### Work request
Repeat only the lines below from the one containing "武夷学院是哪一年创办的" through the one containing "比特币虚拟币平台的合法性与风险分析", inclusive, exactly as written.
══════
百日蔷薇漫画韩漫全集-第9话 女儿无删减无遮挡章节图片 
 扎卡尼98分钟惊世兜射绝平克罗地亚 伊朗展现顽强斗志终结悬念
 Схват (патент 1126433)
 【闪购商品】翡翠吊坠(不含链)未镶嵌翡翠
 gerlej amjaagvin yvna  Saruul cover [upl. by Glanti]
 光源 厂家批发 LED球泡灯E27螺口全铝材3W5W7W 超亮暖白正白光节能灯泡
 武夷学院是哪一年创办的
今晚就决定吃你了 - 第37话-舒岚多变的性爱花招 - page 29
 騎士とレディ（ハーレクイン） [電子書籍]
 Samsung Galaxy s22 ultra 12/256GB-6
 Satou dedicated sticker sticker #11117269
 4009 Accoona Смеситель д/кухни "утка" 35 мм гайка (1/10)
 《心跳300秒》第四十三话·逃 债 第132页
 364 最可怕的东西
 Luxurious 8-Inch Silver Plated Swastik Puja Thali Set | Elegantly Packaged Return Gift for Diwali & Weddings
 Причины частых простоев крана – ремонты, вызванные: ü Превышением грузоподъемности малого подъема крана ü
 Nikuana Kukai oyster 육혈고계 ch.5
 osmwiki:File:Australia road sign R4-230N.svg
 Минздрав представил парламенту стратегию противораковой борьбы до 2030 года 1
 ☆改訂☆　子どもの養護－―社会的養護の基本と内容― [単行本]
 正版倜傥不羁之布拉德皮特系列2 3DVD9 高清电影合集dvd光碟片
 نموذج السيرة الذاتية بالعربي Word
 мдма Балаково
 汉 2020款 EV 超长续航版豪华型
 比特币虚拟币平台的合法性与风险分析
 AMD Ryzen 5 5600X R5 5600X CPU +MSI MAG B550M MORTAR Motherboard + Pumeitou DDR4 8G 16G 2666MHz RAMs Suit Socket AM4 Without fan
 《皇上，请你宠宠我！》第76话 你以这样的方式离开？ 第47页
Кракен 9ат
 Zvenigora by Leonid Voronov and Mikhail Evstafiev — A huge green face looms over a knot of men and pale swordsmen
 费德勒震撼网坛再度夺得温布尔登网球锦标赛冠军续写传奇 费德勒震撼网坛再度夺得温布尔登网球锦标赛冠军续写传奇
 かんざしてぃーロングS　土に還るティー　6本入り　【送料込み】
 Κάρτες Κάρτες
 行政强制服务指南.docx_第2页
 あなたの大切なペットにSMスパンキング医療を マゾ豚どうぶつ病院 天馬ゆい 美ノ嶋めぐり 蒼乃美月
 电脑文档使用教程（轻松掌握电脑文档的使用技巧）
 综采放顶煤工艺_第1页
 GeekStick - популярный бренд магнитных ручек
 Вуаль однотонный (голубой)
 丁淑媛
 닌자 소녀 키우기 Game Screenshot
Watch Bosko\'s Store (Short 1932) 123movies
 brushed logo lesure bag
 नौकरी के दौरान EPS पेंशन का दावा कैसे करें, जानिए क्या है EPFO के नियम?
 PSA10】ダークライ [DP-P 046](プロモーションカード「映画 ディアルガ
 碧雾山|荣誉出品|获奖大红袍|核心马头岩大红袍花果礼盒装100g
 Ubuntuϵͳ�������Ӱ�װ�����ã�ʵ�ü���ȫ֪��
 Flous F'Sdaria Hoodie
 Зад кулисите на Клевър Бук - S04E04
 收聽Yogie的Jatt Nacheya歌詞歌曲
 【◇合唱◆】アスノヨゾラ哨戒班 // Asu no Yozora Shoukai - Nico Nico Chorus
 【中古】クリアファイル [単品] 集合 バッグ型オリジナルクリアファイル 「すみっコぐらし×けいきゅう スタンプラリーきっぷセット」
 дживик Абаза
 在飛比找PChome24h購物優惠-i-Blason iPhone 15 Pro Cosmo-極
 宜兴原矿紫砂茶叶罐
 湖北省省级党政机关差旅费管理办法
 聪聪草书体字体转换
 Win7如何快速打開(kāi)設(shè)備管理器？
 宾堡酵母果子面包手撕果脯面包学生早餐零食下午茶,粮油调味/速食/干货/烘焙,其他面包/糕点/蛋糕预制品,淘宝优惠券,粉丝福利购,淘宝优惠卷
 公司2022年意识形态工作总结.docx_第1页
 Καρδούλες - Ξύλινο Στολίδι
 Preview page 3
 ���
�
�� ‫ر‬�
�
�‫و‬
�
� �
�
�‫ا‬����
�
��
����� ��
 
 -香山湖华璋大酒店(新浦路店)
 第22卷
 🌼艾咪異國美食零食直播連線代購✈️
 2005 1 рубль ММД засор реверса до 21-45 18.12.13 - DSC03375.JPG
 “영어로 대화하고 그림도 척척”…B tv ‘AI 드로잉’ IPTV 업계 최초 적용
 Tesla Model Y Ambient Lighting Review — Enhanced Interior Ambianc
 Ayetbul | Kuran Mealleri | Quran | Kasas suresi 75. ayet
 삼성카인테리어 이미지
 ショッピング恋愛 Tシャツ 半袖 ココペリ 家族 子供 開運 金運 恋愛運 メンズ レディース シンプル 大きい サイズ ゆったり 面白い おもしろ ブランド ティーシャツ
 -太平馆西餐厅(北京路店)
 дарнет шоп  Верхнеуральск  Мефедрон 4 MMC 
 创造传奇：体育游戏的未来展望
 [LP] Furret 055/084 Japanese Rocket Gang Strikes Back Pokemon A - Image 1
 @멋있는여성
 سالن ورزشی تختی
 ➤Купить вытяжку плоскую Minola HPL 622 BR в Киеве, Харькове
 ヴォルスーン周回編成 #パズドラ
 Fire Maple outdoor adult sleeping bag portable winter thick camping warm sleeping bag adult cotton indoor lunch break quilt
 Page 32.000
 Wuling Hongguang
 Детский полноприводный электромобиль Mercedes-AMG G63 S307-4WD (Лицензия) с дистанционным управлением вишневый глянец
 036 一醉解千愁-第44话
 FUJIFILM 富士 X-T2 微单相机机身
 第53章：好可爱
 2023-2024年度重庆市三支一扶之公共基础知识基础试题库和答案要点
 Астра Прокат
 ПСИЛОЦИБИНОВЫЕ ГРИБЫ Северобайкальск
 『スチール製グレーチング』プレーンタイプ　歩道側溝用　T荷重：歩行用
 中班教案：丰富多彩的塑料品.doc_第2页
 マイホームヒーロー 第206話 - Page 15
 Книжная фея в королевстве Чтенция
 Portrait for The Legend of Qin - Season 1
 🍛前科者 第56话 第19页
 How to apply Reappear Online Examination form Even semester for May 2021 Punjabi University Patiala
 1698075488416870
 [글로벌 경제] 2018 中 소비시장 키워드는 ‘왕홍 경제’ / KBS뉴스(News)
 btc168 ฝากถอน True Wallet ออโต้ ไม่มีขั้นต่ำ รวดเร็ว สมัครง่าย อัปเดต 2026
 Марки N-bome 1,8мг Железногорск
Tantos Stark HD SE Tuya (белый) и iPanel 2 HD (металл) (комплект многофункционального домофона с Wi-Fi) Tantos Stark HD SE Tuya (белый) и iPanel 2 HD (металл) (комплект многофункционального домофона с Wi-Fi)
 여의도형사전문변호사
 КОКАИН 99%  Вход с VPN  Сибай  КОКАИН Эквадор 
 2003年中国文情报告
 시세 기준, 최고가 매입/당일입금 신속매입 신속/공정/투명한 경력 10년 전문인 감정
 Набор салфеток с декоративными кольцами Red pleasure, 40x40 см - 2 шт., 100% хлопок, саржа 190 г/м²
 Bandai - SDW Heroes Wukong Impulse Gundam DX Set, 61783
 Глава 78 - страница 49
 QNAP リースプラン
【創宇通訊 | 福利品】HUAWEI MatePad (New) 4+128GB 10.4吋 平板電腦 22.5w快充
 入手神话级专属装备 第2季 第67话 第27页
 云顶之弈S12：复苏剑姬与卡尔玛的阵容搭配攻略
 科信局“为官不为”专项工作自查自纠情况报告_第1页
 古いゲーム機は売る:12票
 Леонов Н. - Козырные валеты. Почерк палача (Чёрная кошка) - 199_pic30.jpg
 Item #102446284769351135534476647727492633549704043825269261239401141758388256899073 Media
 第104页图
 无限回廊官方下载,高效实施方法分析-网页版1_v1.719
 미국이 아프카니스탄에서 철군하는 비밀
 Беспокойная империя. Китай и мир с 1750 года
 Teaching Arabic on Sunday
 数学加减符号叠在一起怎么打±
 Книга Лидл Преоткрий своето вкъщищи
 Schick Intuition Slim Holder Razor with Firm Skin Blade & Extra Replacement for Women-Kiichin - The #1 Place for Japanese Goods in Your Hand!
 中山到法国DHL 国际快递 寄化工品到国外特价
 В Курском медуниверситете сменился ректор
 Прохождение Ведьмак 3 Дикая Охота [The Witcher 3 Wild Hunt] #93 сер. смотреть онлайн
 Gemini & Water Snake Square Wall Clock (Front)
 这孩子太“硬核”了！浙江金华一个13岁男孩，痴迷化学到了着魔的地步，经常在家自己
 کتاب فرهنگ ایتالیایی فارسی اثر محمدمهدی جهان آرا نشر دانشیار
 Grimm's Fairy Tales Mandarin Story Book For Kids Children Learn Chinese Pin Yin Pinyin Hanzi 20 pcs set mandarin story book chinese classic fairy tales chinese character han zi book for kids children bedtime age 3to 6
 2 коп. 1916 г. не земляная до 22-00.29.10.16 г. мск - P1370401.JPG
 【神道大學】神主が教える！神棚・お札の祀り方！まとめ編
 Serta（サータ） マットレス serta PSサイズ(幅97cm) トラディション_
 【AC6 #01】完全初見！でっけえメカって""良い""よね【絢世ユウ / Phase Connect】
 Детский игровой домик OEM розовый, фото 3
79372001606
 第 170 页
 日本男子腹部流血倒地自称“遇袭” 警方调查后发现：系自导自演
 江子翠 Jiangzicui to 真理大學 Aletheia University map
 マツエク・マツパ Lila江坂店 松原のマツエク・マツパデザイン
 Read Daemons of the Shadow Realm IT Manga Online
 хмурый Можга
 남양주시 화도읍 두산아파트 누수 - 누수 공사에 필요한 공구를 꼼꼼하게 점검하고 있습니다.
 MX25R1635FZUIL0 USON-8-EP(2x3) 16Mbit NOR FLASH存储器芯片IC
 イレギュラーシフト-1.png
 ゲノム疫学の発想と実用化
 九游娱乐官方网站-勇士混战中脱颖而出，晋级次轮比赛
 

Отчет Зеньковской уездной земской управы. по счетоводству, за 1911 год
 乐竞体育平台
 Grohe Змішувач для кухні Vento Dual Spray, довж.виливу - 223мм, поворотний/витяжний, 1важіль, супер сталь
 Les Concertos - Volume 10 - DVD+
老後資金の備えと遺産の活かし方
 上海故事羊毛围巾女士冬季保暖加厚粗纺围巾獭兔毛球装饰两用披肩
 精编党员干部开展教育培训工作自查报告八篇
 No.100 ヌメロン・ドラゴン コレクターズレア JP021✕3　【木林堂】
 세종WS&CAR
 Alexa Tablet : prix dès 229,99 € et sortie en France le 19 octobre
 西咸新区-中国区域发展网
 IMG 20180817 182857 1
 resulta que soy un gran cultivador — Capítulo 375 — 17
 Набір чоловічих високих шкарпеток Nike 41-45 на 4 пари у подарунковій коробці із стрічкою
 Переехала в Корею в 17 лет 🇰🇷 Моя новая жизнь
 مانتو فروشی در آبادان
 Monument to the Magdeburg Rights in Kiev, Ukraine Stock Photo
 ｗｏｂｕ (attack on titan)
══════
### Task result
 武夷学院是哪一年创办的
今晚就决定吃你了 - 第37话-舒岚多变的性爱花招 - page 29
 騎士とレディ（ハーレクイン） [電子書籍]
 Samsung Galaxy s22 ultra 12/256GB-6
 Satou dedicated sticker sticker #11117269
 4009 Accoona Смеситель д/кухни "утка" 35 мм гайка (1/10)
 《心跳300秒》第四十三话·逃 债 第132页
 364 最可怕的东西
 Luxurious 8-Inch Silver Plated Swastik Puja Thali Set | Elegantly Packaged Return Gift for Diwali & Weddings
 Причины частых простоев крана – ремонты, вызванные: ü Превышением грузоподъемности малого подъема крана ü
 Nikuana Kukai oyster 육혈고계 ch.5
 osmwiki:File:Australia road sign R4-230N.svg
 Минздрав представил парламенту стратегию противораковой борьбы до 2030 года 1
 ☆改訂☆　子どもの養護－―社会的養護の基本と内容― [単行本]
 正版倜傥不羁之布拉德皮特系列2 3DVD9 高清电影合集dvd光碟片
 نموذج السيرة الذاتية بالعربي Word
 мдма Балаково
 汉 2020款 EV 超长续航版豪华型
 比特币虚拟币平台的合法性与风险分析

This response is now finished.